Il reviendra à l'ensemble des acteurs de faire en sorte que ce moment privilégié de débat nous permette d'avancer dans la définition du système de santé des années à venir, un système qui fasse plus de place au malade et au citoyen, qui pratique davantage la coordination, l'échange, notamment grâce aux réseaux et qui progresse sur la voie de la transparence.
2 - Les Etats généraux dans les régions
Dans les régions, les Etats généraux se dérouleront jusqu'au début 1999. Ils seront pilotés par des comités constitués dans chaque région, chargés d'associer et de mobiliser l'ensemble des acteurs intéressés aux questions de santé.
Et je suis particulièrement heureux, à l'occasion de mon déplacement dans votre région, d'installer le comité de pilotage franc-comtois.
Le comité régional organisera de lui-même plusieurs réunions-débats : sur le Schéma Régional d'Organisation Sanitaire, c'est-à-dire sur les évolutions nécessaires de l'offre de soins hospitaliers, évolutions qui doivent se faire dans la concertation et dans la transparence ; les Etats généraux y contribueront en portant le débat au devant du public ; il y aura également des débats sur d'autres thèmes : ceux sur lesquels un travail a déjà été fait dans la région, en particulier lors de la Conférence régionale de Santé mais aussi ceux qui suscitent des peurs ou mobilisent les médias, sans que le public ait jamais accès à l'information et à la parole : santé mentale, sécurité sanitaire, conséquences de la pollution sur la santé, problèmes éthiques ...
Au-delà de ces débats organisés par le comité de pilotage régional, nous avons souhaité que les acteurs puissent s'exprimer et aller à la rencontre du public plus directement et de leur propre initiative. Les professionnels, les élus, les responsables associatifs créent, innovent tous les jours dans l'intérêt des malades et du système de soins sans pouvoir toujours faire partager leur expérience. C'est pourquoi aussi j'ai souhaité inaugurer ce cycle de débats par une manifestation portée par des associations.

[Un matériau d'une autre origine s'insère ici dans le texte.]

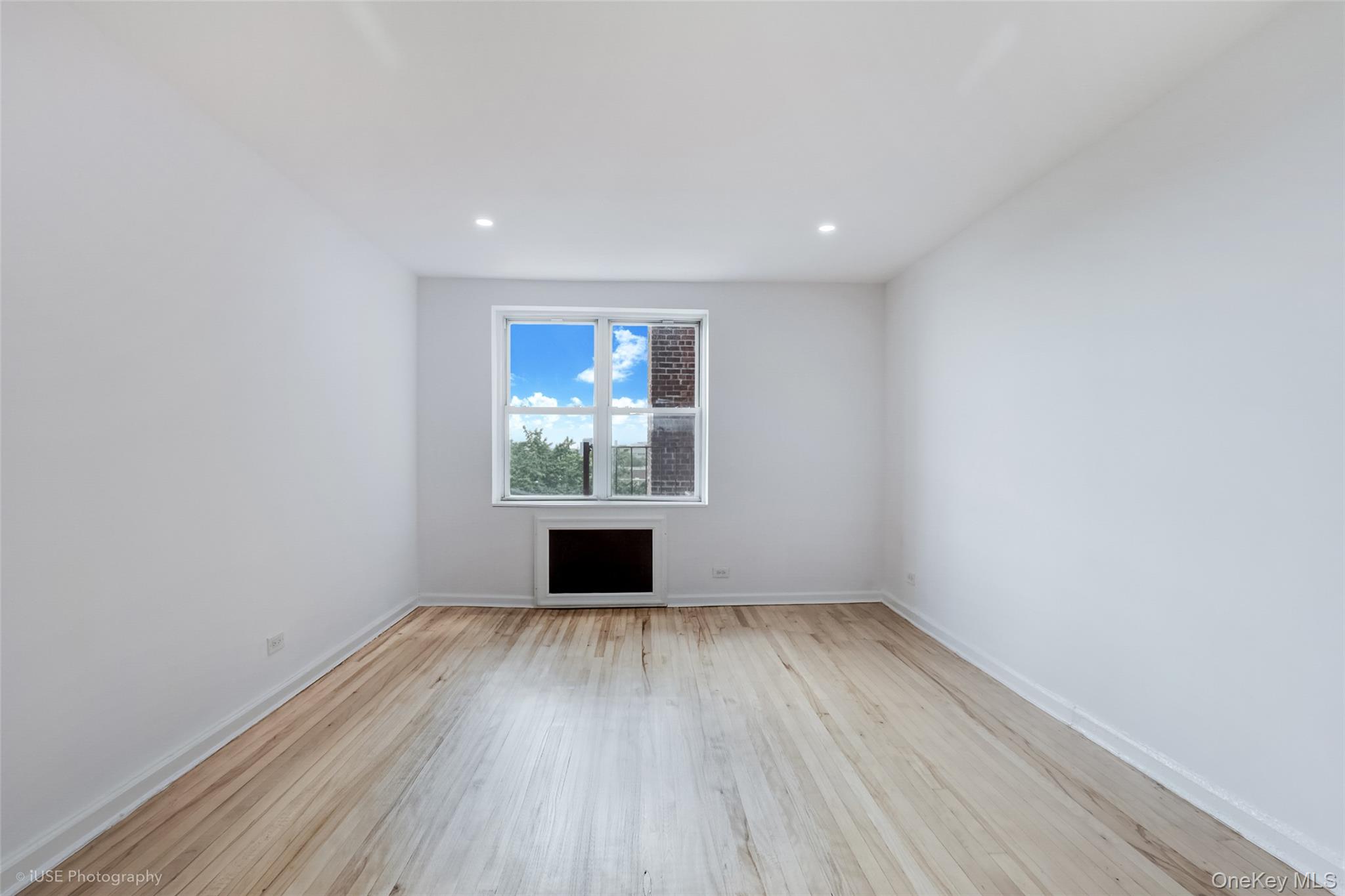 39-20 52nd Street # 4D, Woodside, NY 11377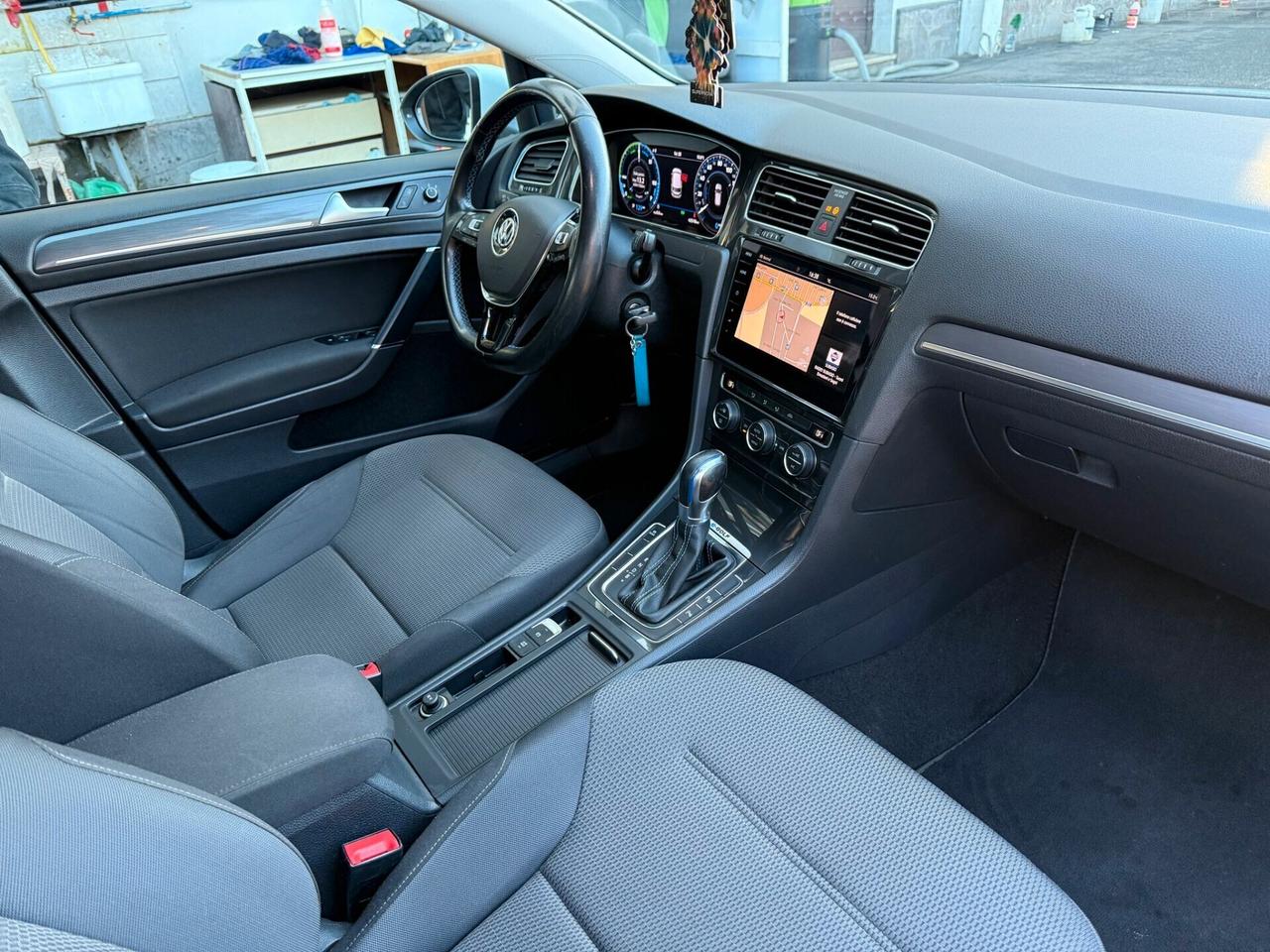 Volkswagen Golf e-Golf 136 CV - 42.000km - Superprezzo - Full opt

En dehors des forums tels que celui qui nous réunit aujourd'hui, nous souhaitons que puissent être encouragés des journées "portes ouvertes", des moments de rencontre et de démonstration. Certaines expériences en disent plus long que de longs discours : parler de télémédecine par exemple n'évoque pas grand chose pour le grand public mais voir fonctionner un tel système devient très éclairant sur ce que les professionnels, les malades et le système de soins peuvent y gagner. Ce n'est qu'un exemple parmi cent autres et je fais confiance ici aux acteurs locaux pour multiplier les moments de rencontre.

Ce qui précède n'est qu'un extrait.